Tags: Schumer | Libya | Gadhafi | White House

Schumer: Libyans Themselves Should Oust Gadhafi

Friday, 25 Mar 2011 09:42 AM

By Hiram Reisner

Sen. Chuck Schumer, D-N.Y., says he is satisfied that the mission in Libya is correct, and the United States should not be leading the fight against the forces of Libyan dictator Moammar Gadhafi. The No. 3 leader in the Senate also said Friday on MSNBC’s “Morning Joe” that it is important Gadhafi be ousted — preferably by his own people.

“The bottom line is: The original goals of the mission — humanitarian, disrupt command-and-control supply lines of Gadhafi — are reasonable,” Schumer said. “The hard part about this is the right part, which is that the United States should not be in the lead here, and trying to create a multilateral force that will take over.

“Because after all, the European and Arab nations have a greater geopolitical interest in Libya than we do,” Schumer said. “It’s hard, but important, and they seem to be making progress in that regard. That doesn’t mean that we won’t be part of it, but it does mean that they will be in the lead — and that will be the first time.”

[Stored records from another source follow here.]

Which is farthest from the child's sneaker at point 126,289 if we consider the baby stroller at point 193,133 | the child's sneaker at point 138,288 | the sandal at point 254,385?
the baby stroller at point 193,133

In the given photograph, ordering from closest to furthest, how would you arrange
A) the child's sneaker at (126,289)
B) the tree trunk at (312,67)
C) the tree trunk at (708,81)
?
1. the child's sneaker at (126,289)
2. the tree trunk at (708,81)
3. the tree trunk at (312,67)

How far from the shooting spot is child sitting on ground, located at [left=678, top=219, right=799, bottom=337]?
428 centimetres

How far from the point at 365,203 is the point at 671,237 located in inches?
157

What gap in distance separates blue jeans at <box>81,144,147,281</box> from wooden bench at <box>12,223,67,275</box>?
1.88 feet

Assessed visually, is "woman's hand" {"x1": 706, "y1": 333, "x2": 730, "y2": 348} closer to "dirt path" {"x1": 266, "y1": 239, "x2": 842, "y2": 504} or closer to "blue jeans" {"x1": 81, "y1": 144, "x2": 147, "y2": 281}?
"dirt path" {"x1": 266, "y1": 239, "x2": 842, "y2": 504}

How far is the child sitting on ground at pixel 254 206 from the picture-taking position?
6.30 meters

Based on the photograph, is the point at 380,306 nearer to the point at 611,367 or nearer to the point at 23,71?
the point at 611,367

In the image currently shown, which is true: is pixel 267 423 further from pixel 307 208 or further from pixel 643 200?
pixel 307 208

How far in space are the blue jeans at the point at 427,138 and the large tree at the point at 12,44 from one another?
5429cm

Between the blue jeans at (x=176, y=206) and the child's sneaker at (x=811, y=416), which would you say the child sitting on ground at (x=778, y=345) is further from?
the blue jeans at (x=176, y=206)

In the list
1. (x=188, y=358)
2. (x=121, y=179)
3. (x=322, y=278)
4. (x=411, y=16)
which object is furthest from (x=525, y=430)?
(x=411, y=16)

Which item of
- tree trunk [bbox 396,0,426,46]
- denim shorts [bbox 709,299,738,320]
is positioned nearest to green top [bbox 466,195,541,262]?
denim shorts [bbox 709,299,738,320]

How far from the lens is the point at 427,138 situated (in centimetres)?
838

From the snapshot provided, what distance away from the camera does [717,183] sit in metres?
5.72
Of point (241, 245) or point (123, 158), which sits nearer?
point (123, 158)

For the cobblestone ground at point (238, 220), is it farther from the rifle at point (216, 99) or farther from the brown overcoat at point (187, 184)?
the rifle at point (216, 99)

Asked whether it is important that Gadhafi no longer remain Libyan leader, Schumer replied: “Well, I think that it’s important he be ousted from power and I think it would be a lot better if his own people ousted him. And of course the goal here, is that after the no-fly zone is in effect for several days, his command-and-control and supply line are disrupted, that the rebels will gain strength, and they can do the ousting.”

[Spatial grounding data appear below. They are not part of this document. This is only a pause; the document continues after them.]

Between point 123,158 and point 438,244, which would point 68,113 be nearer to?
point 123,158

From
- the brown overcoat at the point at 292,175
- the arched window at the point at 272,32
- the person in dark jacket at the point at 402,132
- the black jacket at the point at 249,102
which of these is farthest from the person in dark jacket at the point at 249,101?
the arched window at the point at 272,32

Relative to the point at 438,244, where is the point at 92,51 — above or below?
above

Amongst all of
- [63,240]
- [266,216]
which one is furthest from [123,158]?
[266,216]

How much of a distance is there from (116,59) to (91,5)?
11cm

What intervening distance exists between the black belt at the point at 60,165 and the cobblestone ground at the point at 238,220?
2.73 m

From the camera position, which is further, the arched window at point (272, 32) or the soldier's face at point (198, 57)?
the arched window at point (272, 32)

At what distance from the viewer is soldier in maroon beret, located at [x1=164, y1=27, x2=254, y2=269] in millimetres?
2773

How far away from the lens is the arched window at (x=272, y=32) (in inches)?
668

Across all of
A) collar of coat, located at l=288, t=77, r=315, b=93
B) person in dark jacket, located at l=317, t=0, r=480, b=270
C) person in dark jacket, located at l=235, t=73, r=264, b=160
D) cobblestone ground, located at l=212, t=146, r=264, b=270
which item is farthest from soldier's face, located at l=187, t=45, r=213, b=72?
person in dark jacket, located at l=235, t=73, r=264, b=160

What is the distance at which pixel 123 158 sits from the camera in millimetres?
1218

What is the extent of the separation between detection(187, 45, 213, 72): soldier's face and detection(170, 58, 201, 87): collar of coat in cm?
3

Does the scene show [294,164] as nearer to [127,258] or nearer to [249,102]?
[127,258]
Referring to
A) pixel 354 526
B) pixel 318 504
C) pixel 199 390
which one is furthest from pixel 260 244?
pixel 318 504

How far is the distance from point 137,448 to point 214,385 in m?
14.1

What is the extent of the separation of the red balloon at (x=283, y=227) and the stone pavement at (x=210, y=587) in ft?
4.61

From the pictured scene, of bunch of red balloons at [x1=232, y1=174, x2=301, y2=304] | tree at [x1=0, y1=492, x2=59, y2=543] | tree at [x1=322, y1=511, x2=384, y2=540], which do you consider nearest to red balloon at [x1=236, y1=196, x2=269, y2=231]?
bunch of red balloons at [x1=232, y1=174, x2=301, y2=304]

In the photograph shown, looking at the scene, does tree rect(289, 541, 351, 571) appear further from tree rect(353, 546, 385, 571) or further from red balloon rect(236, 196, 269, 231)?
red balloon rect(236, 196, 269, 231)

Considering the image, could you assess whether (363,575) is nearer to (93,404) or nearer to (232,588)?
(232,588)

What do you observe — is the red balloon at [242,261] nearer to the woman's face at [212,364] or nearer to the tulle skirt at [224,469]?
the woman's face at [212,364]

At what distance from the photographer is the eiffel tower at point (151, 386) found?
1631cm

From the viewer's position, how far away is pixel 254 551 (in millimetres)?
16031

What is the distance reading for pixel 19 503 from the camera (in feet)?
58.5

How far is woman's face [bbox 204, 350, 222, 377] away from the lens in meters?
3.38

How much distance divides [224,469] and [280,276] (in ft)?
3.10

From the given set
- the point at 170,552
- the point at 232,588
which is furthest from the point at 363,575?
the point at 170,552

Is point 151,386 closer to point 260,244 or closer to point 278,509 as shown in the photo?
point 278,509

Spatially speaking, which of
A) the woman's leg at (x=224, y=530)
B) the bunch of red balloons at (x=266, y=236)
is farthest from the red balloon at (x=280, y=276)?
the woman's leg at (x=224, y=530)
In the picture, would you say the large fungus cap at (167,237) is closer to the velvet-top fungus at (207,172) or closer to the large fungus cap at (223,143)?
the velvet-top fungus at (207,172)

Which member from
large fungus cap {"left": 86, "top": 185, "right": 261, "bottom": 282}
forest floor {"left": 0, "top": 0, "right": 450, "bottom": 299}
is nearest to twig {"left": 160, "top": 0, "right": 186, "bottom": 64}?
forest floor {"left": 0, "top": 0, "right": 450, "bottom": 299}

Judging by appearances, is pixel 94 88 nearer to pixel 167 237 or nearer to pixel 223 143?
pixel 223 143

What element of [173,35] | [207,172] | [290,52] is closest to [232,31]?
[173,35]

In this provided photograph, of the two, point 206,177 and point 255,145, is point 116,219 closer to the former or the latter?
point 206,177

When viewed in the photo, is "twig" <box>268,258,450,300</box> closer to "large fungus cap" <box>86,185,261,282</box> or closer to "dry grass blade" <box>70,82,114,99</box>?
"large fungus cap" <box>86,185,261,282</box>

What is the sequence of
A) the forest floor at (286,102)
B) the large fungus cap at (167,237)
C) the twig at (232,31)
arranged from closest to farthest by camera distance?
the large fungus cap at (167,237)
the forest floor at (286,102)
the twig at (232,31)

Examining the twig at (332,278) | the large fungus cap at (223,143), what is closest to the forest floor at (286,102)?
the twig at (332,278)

Schumer said he has heard from the administration on the Libyan intervention, but it is important that Secretary of State Hillary Clinton and Defense Secretary Robert Gates are going to Capitol Hill next week for a classified briefing.

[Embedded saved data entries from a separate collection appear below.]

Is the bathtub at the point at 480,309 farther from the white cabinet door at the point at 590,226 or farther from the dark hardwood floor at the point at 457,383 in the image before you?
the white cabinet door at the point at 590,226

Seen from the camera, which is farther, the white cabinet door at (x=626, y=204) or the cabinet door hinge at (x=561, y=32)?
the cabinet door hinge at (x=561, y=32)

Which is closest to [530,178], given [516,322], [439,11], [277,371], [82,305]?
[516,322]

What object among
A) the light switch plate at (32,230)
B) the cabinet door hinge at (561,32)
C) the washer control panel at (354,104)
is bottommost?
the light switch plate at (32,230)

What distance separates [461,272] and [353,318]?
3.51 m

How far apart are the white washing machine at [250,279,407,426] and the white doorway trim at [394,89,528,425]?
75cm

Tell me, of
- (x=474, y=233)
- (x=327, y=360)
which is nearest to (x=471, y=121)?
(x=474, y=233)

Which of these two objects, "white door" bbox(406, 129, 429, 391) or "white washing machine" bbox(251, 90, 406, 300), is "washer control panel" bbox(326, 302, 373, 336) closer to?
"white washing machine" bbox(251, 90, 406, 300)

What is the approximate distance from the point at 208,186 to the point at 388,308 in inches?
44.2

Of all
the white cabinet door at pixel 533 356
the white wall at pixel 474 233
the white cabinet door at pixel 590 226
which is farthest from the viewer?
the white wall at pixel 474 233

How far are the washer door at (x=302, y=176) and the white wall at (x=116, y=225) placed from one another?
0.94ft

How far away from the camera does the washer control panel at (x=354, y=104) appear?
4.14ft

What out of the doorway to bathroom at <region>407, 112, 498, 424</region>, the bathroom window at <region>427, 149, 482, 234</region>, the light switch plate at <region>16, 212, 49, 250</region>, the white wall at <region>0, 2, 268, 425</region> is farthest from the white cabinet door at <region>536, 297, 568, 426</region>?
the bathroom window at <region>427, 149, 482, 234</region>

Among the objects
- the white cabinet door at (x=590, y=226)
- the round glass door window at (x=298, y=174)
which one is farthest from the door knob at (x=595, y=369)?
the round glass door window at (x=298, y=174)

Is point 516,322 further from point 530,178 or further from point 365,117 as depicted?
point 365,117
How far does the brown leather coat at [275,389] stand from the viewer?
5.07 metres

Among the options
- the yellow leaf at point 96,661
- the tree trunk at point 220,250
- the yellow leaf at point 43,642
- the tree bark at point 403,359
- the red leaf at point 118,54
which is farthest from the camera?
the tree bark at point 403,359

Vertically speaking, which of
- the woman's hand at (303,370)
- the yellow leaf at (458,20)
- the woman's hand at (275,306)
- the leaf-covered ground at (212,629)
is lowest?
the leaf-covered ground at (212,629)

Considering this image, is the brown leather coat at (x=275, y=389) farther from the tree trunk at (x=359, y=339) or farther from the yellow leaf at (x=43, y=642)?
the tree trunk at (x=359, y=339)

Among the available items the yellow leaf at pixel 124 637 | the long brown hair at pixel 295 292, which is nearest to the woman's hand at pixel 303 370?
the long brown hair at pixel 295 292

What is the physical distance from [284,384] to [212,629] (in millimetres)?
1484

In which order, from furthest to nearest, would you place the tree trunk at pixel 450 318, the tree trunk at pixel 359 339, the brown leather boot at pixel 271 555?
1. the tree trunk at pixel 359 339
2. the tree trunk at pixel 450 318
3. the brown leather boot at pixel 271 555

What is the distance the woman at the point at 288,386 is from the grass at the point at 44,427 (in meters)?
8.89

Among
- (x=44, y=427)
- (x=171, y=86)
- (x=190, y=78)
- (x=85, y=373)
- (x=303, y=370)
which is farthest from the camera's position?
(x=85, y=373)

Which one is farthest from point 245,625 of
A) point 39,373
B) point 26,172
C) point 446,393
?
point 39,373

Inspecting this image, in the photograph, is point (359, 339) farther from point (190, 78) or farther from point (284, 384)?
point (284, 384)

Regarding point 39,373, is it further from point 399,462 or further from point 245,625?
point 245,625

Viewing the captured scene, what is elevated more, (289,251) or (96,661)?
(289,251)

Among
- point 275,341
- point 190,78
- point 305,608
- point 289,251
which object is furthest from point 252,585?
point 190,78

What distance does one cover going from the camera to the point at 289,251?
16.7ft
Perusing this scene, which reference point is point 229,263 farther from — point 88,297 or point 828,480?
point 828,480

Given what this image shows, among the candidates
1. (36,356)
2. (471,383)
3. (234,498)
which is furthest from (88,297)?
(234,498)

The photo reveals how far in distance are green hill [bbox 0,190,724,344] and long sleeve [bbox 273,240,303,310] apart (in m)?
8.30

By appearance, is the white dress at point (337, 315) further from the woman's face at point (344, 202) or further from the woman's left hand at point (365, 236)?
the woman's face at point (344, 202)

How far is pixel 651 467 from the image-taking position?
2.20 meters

“There are some who say that the minute the president does anything, Congress has to approve it,” Schumer added. “That’s really not how the law is; it says up until 60 days you have to act. And up until that point, if it’s a limited action, that requires some immediacy, I don’t believe Congress has to act.

“The catch word is: Caution — this is not an action that is all over the place, it’s limited, it’s focused,” he said. “And that’s Congress’ role — to keep an eye that it stays that way.”